2. You are planning to build a timber frame with infill walls. This type of construction is notoriously hard to air seal -- air leaks show up between the posts (which shrink) and the infill framing. By far the best solution to this problem is to install a continuous exterior layer of rigid foam that covers the entire timber frame as well as the infill walls. This type of continuous foam layer needs to be carefully sealed at the foam seams.
3. The biggest problem with your ceiling assembly is the relatively low R-value (R-34).
4. I strongly recommend that you install a plywood subfloor under your pine board flooring, to act as an air barrier and to prevent dust from slipping down into the insulation layer.
5. You didn't describe what type of material you were thinking of installing under your floor joists. You describe it as a "vapor retarder membrane." What's that? Polyethylene? A smart retarder? Asphalt felt? Something else?

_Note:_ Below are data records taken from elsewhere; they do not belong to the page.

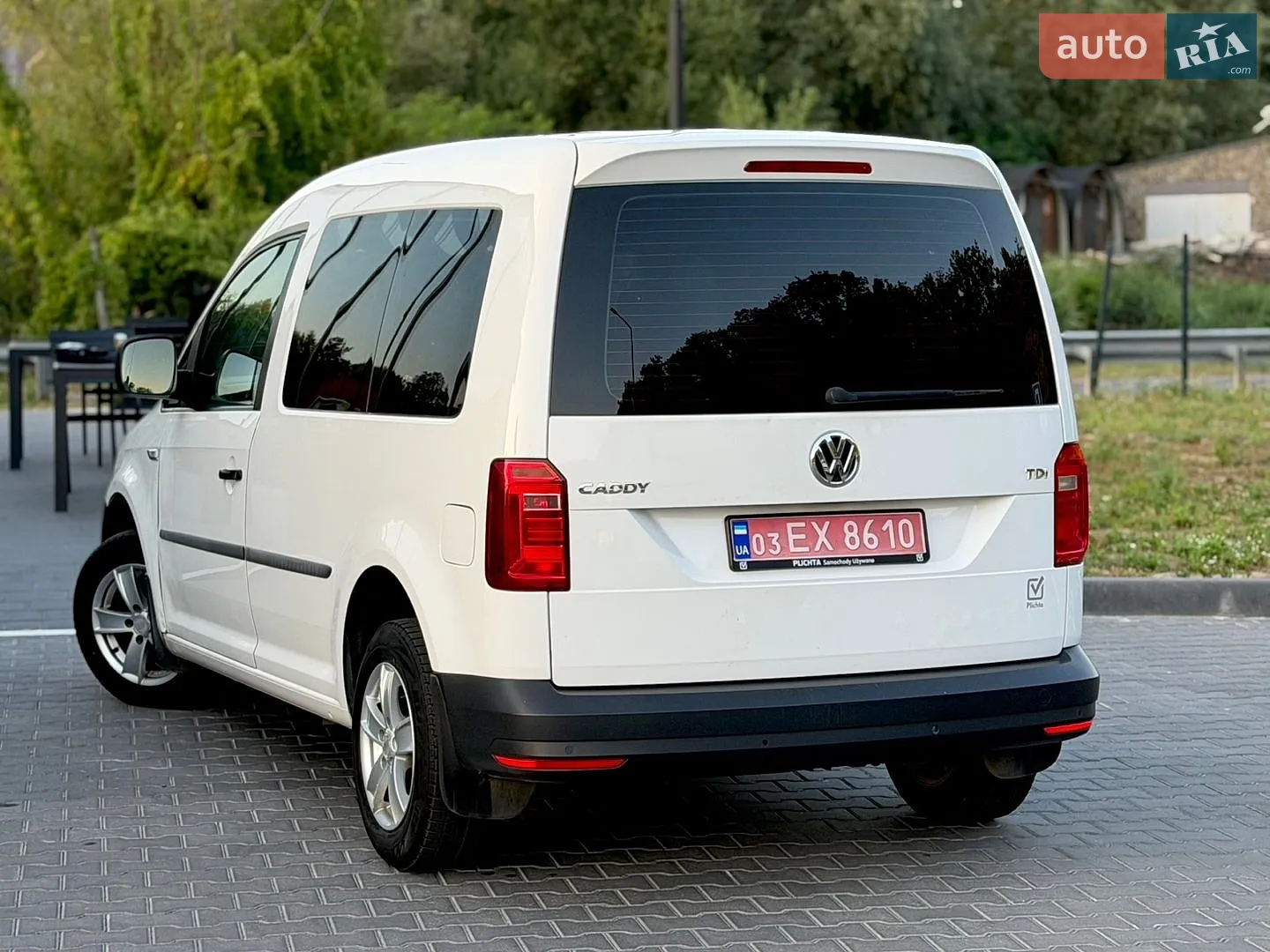 2017 Volkswagen Caddy - мініатюра 29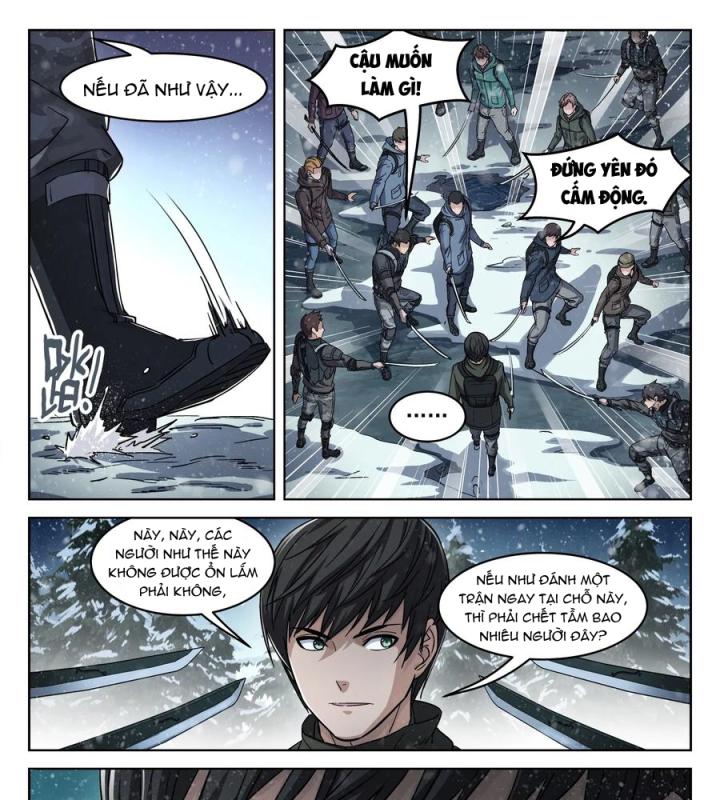 Khung Đỉnh Chi Thượng Chapter 112 - Next Chapter 113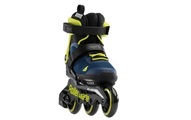 Rollerblade Microblade 3WD Inlineskates royal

Detailing the ceiling of a root cellar is tricky. The cellar is cool and damp; the floor above is warm and somewhat humid. The best type of insulation for this type of ceiling is foil-faced polyiso, installed as a continuous layer on the underside of the floor joists.
Martin, thanks as always for the thorough response.
1) WRB: I thought I might be able to get away with large overhangs & no WRB, but now I will likely include one...either asphalt felt, or something I could also air-seal (Pro Clima Mento?..see (2b)
2a) The appearance of the timbers inside the building is a low priority...efficiency is a high priority. If I were to infill as described, but run the air barrier (ie. Intello) continuously over the inside of the posts, that seems like it would solve the problem, yes?
2b) If I wanted to avoid using foam on the outside, a continuous exterior air barrier (one of Pro Clima's products, for instance) over the sheathing would work, if carefully detailed, correct? I understand this can be difficult to do correctly, but perhaps that would help air seal if the infill-style insulation poses problems.
3) I can add deeper joists to increase the insulation in the ceiling, thanks.
4) I was considering a plywood subfloor...but was worried by basement humidity, the joists drying, etc...would the vapor permeability of the plywood eliminate any problem with the joists not being able to dry out to the outside due to cool, moist root cellar?
5) I was considering something like Pro Clima's DA (https://foursevenfive.com/product/da/). You suggest a vapor barrier...foil faced polyiso. I remember an article (Resilient Food Supply Systems) where you talk about your root cellar under your house...what do you have installed in the ceiling and between the joists? Has that been working for you?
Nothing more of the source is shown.